A group of about forty people were traveling to new hunting grounds on an island in Hudson Bay. The crew got into a shipwreck and the ice floe that they were on had broken off the edge of the sea ice. The people had to use the sealskins, rope, and wood from their sleds to make an umiak (a skin boat). They worked against nature’s time of the ice melting; some people did not survive. The boat full of people floated for days before they reached land. This experience influenced and inspired the artist to create sculptures of "The Migration,' which are also called, "Joe Boats."

== Exposure to art ==
Joe was exposed to the non-Inuit lifestyle at an early age because his father worked with the mining prospectors. In the 1950s, the non-Inuit started to settle in Puvirnituq, this gave Talirunili the opportunity to work with them in order to support his family by not only hunting. This also gave him the opportunity to learn about creating art in printmaking, sculpting, and drawing.

== Talirunili's art timeline ==
In the 1950s, Talirunili focused more on sculptures.
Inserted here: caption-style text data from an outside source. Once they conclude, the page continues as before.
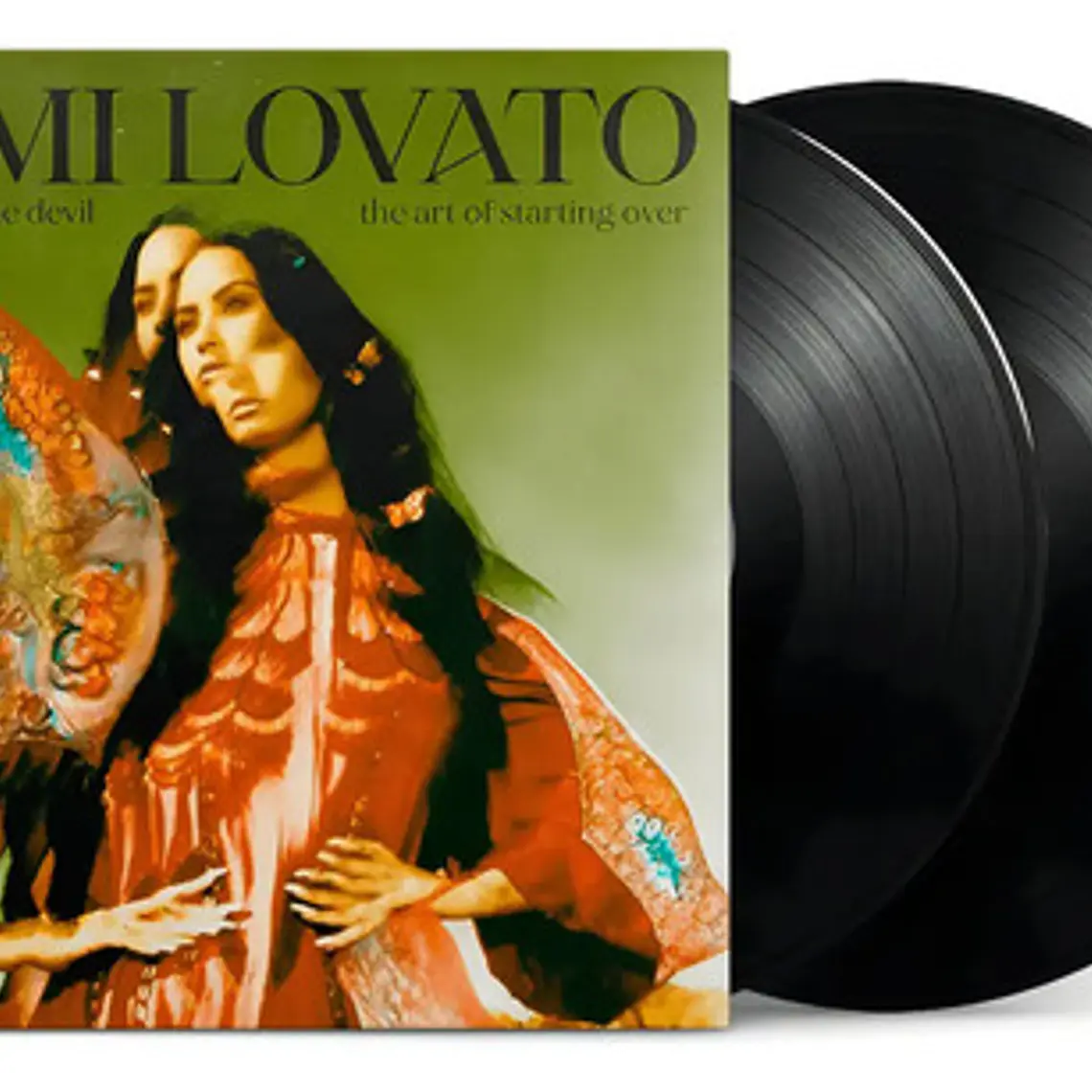 Vinilo Doble Demi Lovato Bailando Con El Diablo Pop 2lp 1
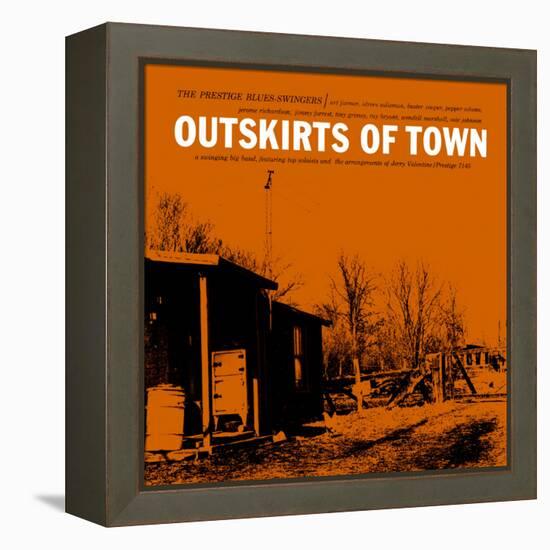 Outskirts of Town-null-Framed Stretched Canvas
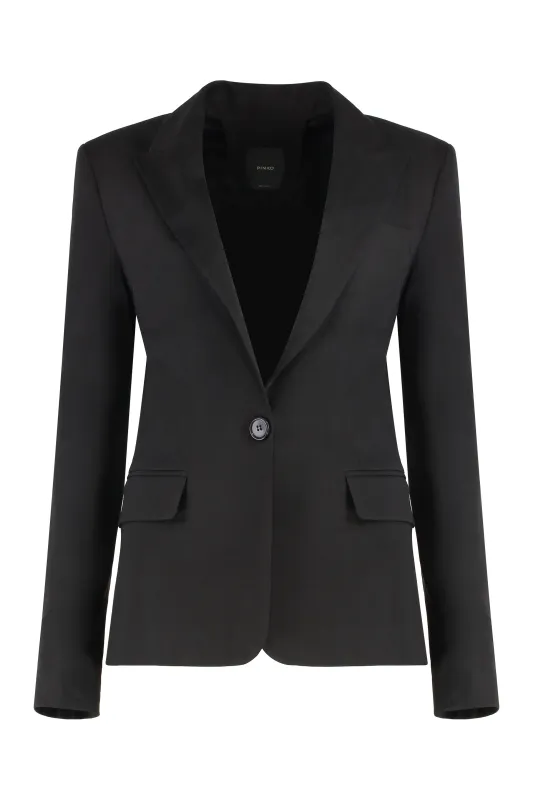 Linen blazer made by Pinko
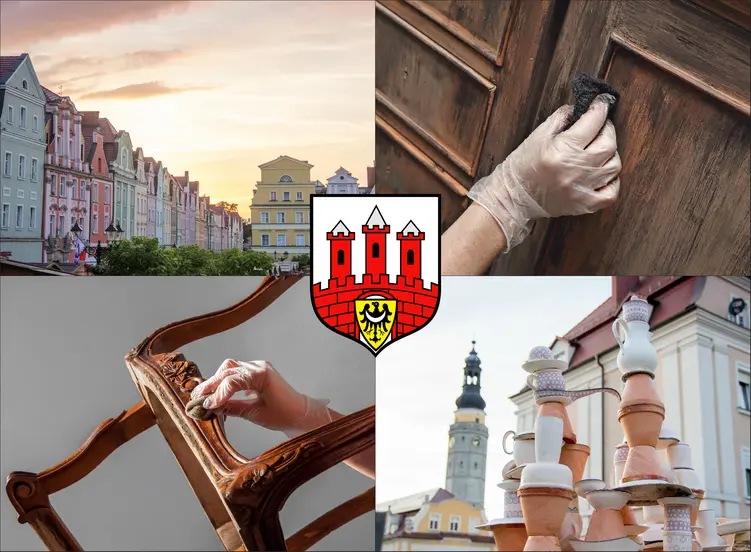 Bolesławiec - cennik renowacji mebli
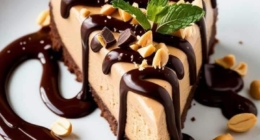 Chocolate and Peanut Butter Cheesecake Decadence: A Rich and Creamy Delight 33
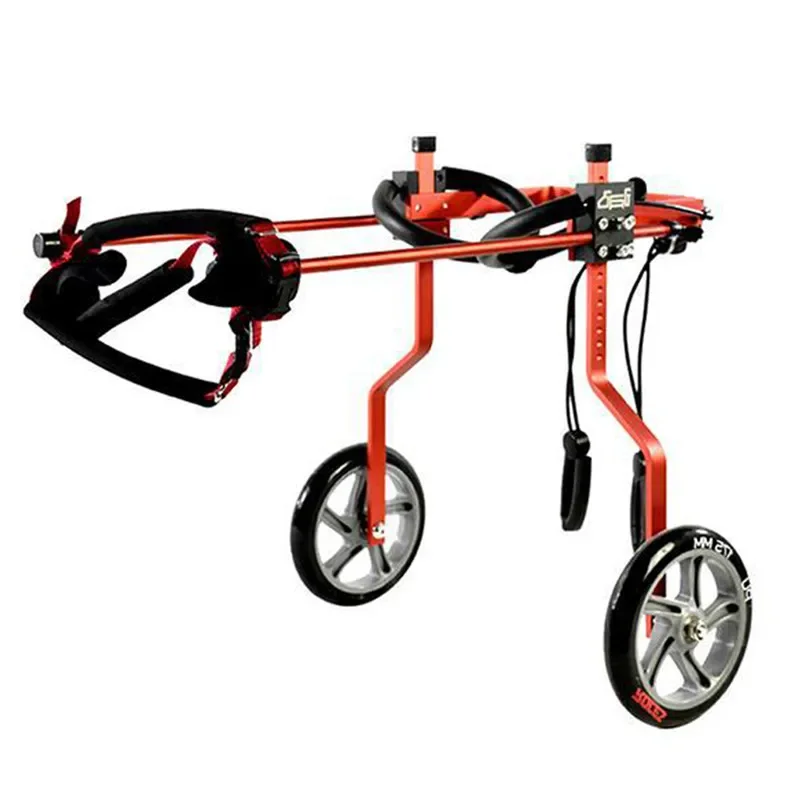 Disabled dog wheelchair hind limb paralysis pet scooter senior dog hind leg assist device cat dog stand stroller mobility scoote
He carved migration scenes of umiaks, Inuit men and women, hunting scenes, and caribou. After a decade of sculpting, he got into printmaking graphics in the 1960s. In all of Joe’s work, sculptures, prints, and drawings, he tells stories from his traditions, childhood, people’s lives, camp life, hunting scenes, owls, other animals, and his famous "migration" works.

== Puvirnituq Print Shop ==
Joe Talirunili and his cousin, Davidialuk Alasua Ammitu, were among the founding members of the Puvirnituq print shop. In Joe’s lifetime, he made about over seventy prints. His graphics were put into the Puvirnituq annual print collections in the 1960s. In 1978, one of Joe’s sculptures was reproduced on a 1978 Canadian postage stamp.